The film reveals the tension between Slav-silenced history in Trieste and its impact on personal life and identity in a city-symbol on the former Iron Curtain, in Italy. The film intertwines the author's own story with the history of forced Italianisation of half a million Slavs, their persecution, their organisation in anti-Fascist groups, and the final attempt to delete this ethnic group, which, in Trieste in 1918, was more substantial than in Ljubljana – the capital of Slovenia.

As part of the wider discourse of postmemory, the films aligns with the work of other scholars: Anne Karpf's The War After: Living with the Holocaust (1997) and Marianne Hirsch's Family Frames: Photography, Narrative and Postmemory (2004), but also Eva Hoffman's After Such Knowledge. However, Lunch with Family goes further. It uncovers the long history of resistance and the fight for the existence of a community that does not see its history acknowledged in Italy.
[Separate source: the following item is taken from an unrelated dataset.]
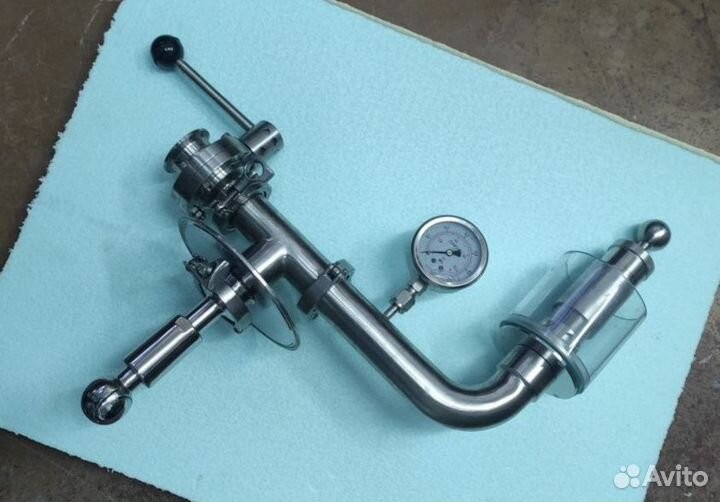 Для сбраживания пива в цкт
Based on interdisciplinary research, archival material and interviews, the film establishes the use of research-by-practice on film as an adequate epistemological methodology to uncover long-buried events and to explore the loop of existential questions the situation provoked and continues to stir in Trieste's Slav inhabitants. A paper published in Screenworks (Vol.8, No.1) in January 2018 explored the context, methods and outcomes of the research enquiry, and Turina presented conference papers and screenings at events in Sheffield, York and Cambridge during 2016-17.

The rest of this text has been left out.